Este tipo de comportamiento nace y crece en un ambiente negativamente competitivo que premia cualquier cosa menos la integridad. La malicia, el engaño, la manipulación y la trampa se converten en herramientas legítimas en un juego donde ser "el más vivo" significa prevalecer, dominar o ganar.

Luego nos arrolló la era de la información, donde la privacidad es un lujo en lugar de un derecho. El irrespeto a la intimidad ajena es moneda corriente, y los límites personales se disuelven en la vorágine de la exposición pública. Son muchos los casos conocidos en los que asuntos personales han sido expuestos al excarnio público.
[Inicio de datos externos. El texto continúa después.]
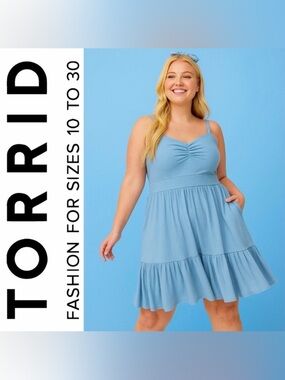 Torrid Mountain Sky Blue Mini Tie Open-Back Dress, 2X, NWT!
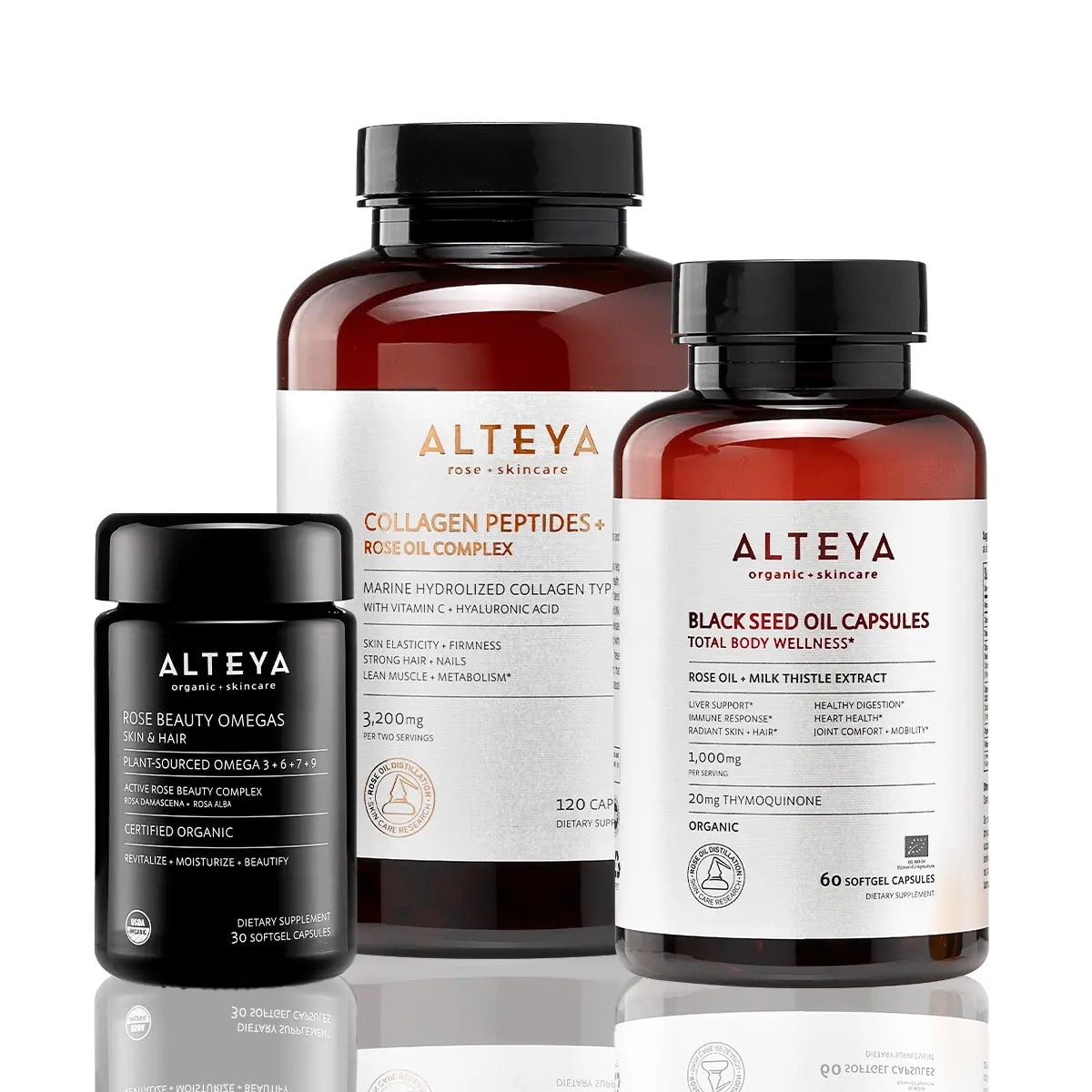 сет хранителни добавки колаген + омега + черен кимион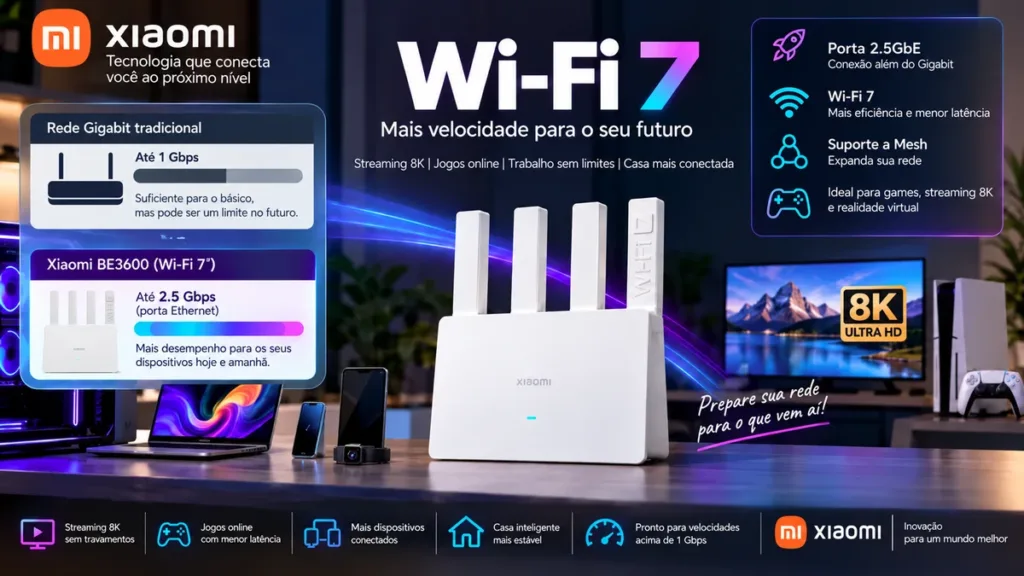 Xiaomi BE3600 Wi-Fi 7 com porta 2.5GbE
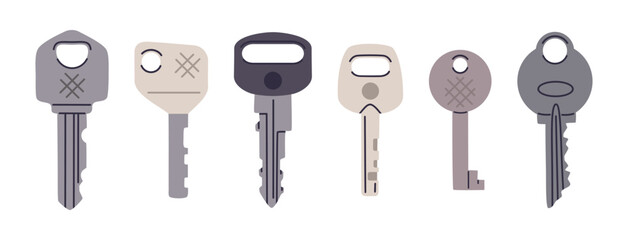 Modern door keys. Cartoon house, apartment or mailbox keys flat vector illustration set. Simple metal and plastic keys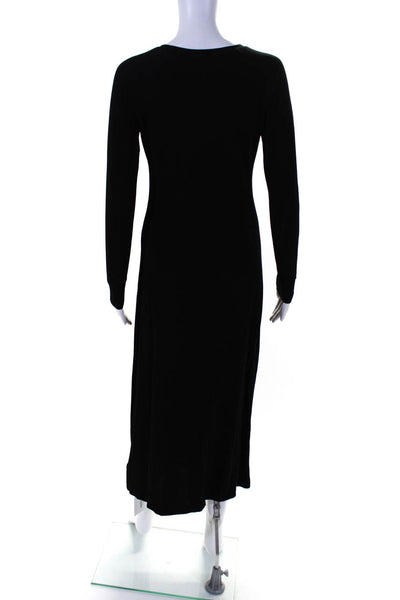 James Perse Womens Long Sleeve Crew Neck Midi Knit Shirt Dress Black Size 1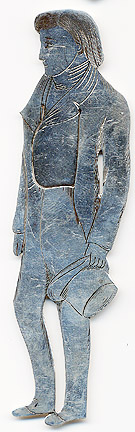 This bookmark was made in the US by J. F. Fradley & Co., a small New York silver manufacturer in business from 1870 - 1936. It is in the shape of a man, Nicholas Nickelby, from the Charles Dickens book. It is marked Sterling, the cross hallmark, 1863 and 17. Also inscribed on the back is "Nicholas Nickelby". Date is 1890 - 1936.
Es aterrador ver cómo un íntimo detalle se convierte rápidamente en tema de chisme colectivo, sin respeto alguno por la privacidad de la persona involucrada. Perdemos de vista que cada transgresión de estos límites siembra desconfianza y relaciones superficiales.  

Normalizar estas conductas erradas nos alejan de nuestros valores originales y de lo que realmente da sentido a nuestras vidas. Socialmente, he visto cómo se perpetúa una cultura de desconfianza y competitividad malsana. En familias, entre amistades y lugares de trabajo, todos compiten para ser el más vivo, el que manda o el más importante, desvirtuando los valores fundamentales que promueven la cooperación y el respeto. Tristemente es normal la intolerancia social, el irrespeto hacia los padres, las ofensas, discriminaciones e incitaciones a las adicciones en las letras de canciones que las escuchan y bailan de lo más normal niños y niñas... ¿A dónde vamos a parar?

Si pudiéramos consultarle a Dios qué opina sobre este tema ¿qué respondería? Podemos recurrir a las Escrituras en Isaías 5:20 dónde nos advierte: "¡Ay de los que a lo malo dicen bueno, y a lo bueno malo; que ponen la oscuridad por luz, y la luz por oscuridad; que ponen lo amargo por dulce, y lo dulce por amargo!" Este versículo resalta la necesidad inescapable de reconocer y rechazar la distorsión de valores en nuestra sociedad. Nuestra capacidad de discernir el bien del mal es fundamental para construir una vida íntegra y un entorno genuinamente justo lejos de la paradoja de lo normal que no es normal.